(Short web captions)
..............................

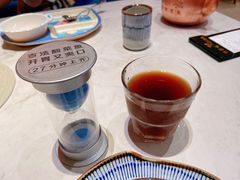 酸梅汁-望蓉城·古法酸菜鱼(世纪汇店)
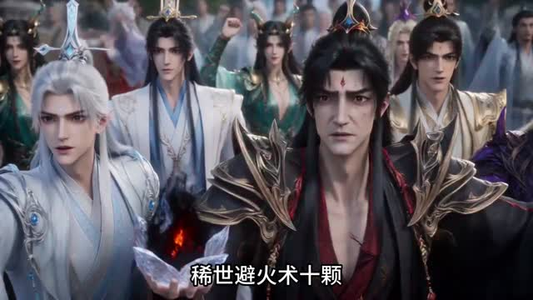 捡神兽后成仙界团宠(51集) 捡神兽后成仙界团宠(51集)这部短剧太好看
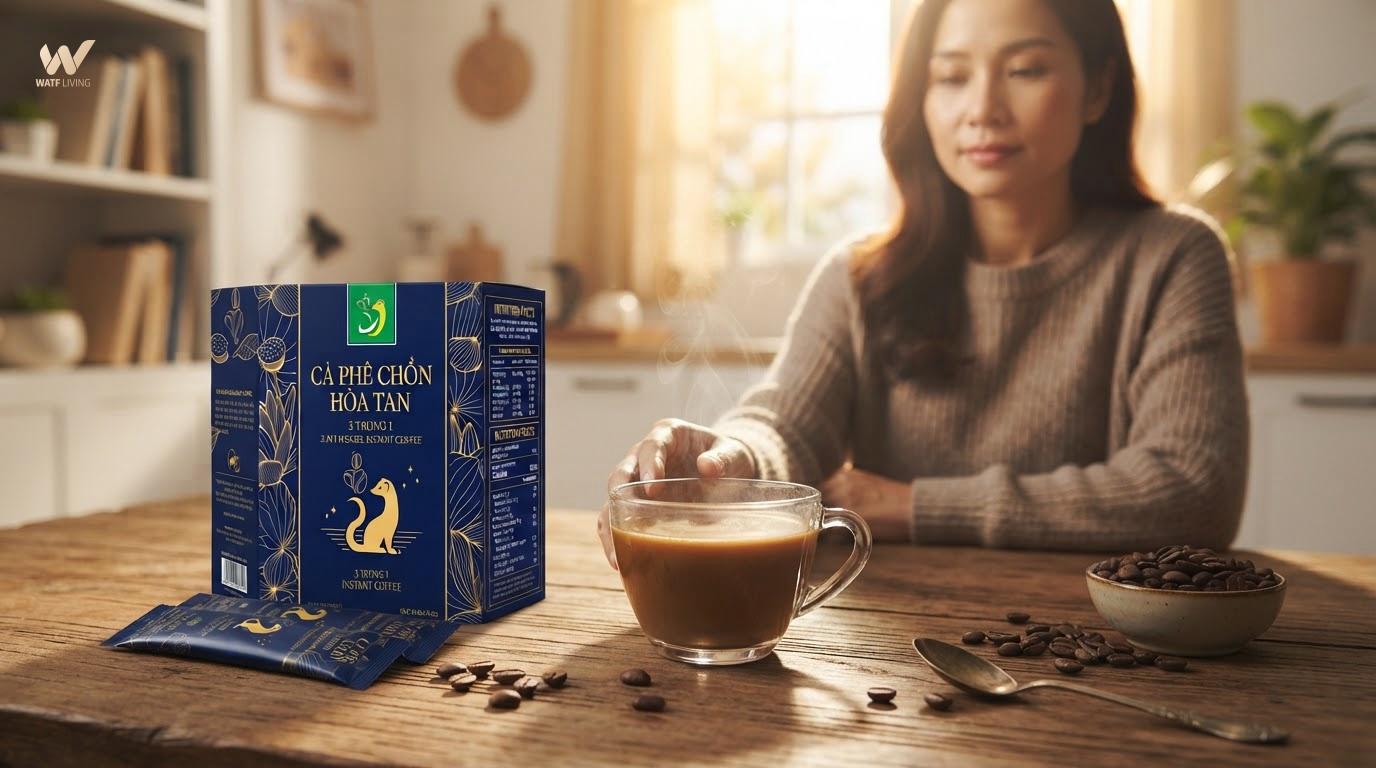 Những yếu tố tạo nên một ly cà phê đậm dễ uống Những yếu tố tạo nên một ly cà phê đậm dễ uống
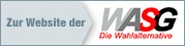 Zur Website der WASG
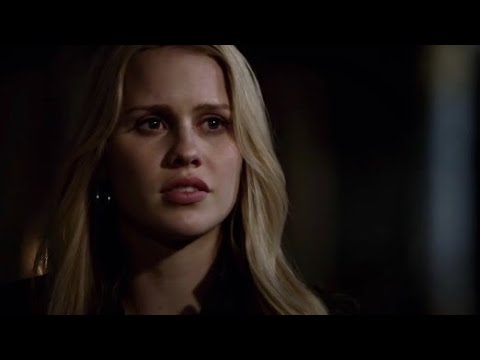 Lele Pantera - MARRY HOUSE (Official Visual Video) {Rebekah Mikaelson}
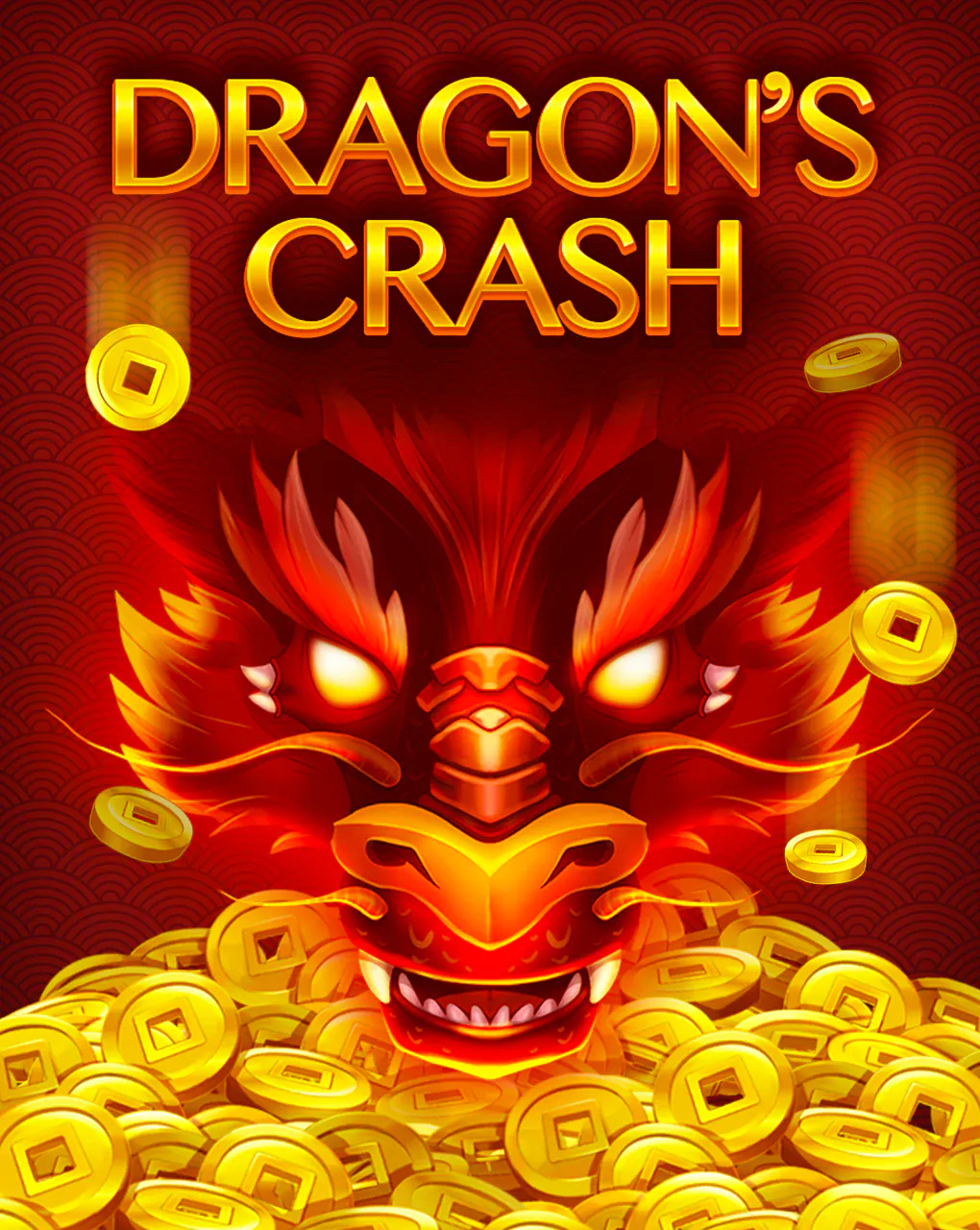 Dragons Crash - WINGBET138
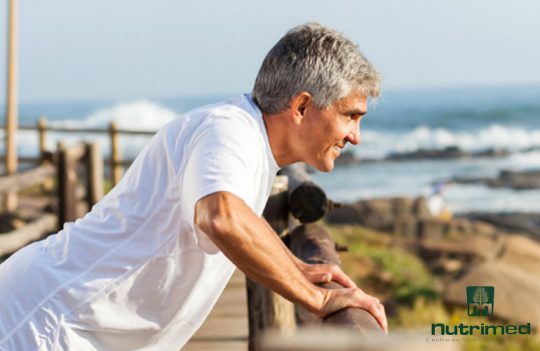 TRT(Terapia de Reposição de Testosterona)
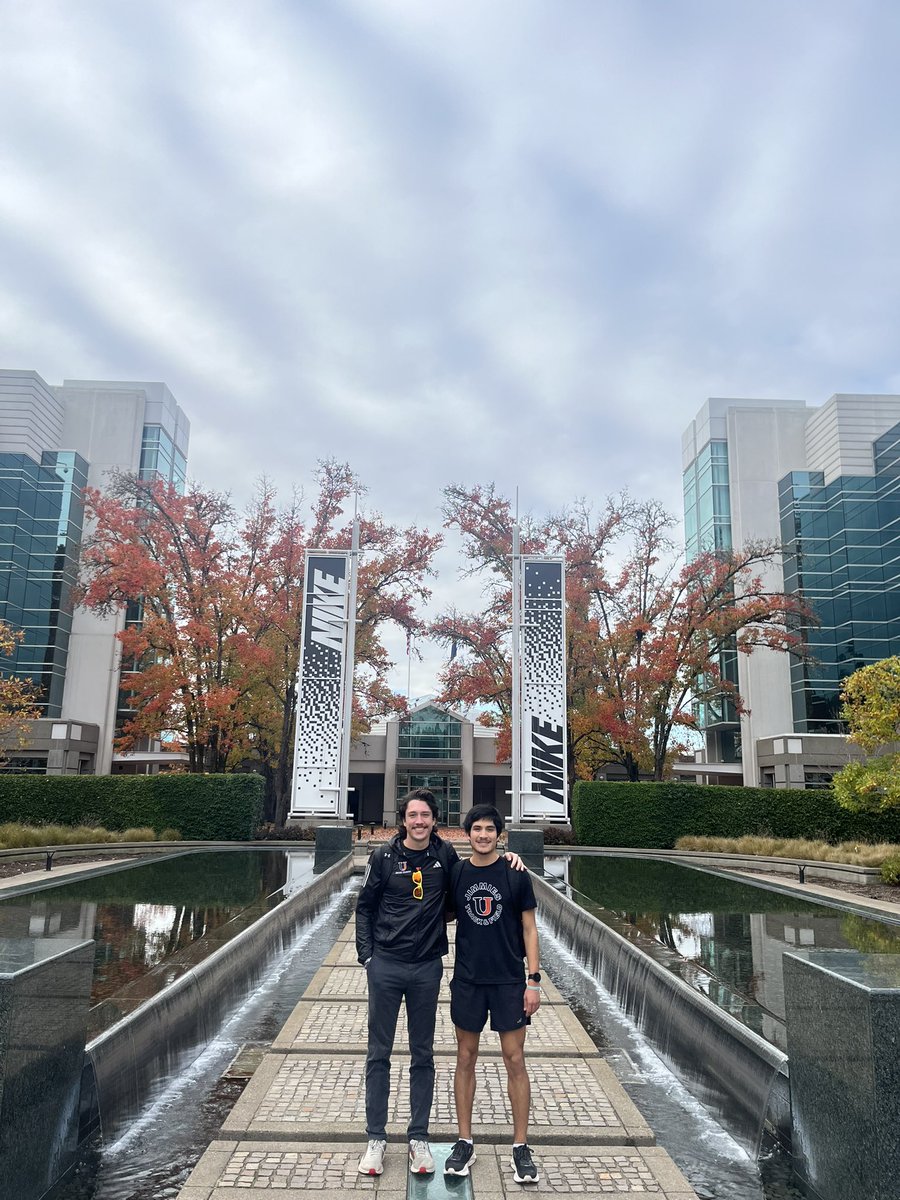 Jamestown XC/TF tweet media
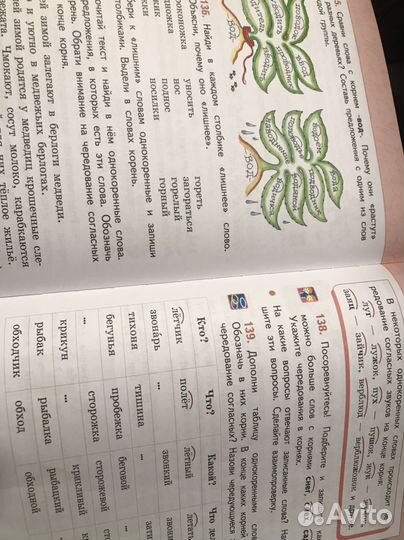 Русский язык Киберева Клейнфельд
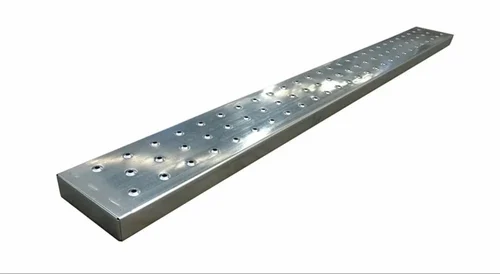 Walkway Plank (Perforated Jali)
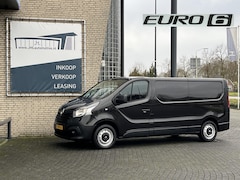 Renault Trafic - 1.6 dCi T29 L2H1 Comfort*NAVI*TEL*CRUISE*HAAK*3PER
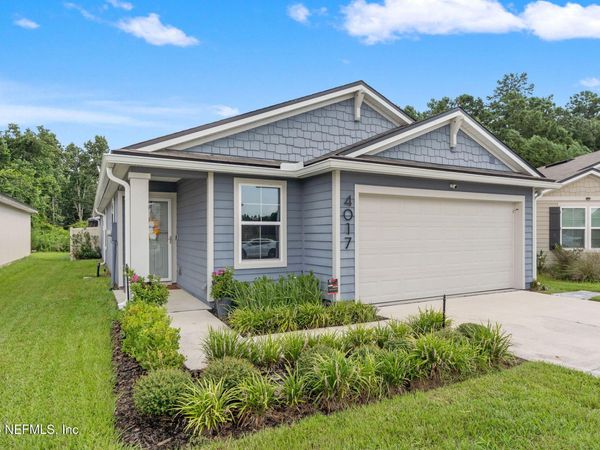 4017 CHIHUAHUA Court, Jacksonville, FL 32218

..............................

REQUIRED ACTION:
Exactly as they stand, set down all of the entries above, minus every picture.

RESPONSE TO THE TASK:
 酸梅汁-望蓉城·古法酸菜鱼(世纪汇店)
 捡神兽后成仙界团宠(51集) 捡神兽后成仙界团宠(51集)这部短剧太好看
 Những yếu tố tạo nên một ly cà phê đậm dễ uống Những yếu tố tạo nên một ly cà phê đậm dễ uống
 Zur Website der WASG
 Lele Pantera - MARRY HOUSE (Official Visual Video) {Rebekah Mikaelson}
 Dragons Crash - WINGBET138
 TRT(Terapia de Reposição de Testosterona)
 Jamestown XC/TF tweet media
 Русский язык Киберева Клейнфельд
 Walkway Plank (Perforated Jali)
 Renault Trafic - 1.6 dCi T29 L2H1 Comfort*NAVI*TEL*CRUISE*HAAK*3PER
 4017 CHIHUAHUA Court, Jacksonville, FL 32218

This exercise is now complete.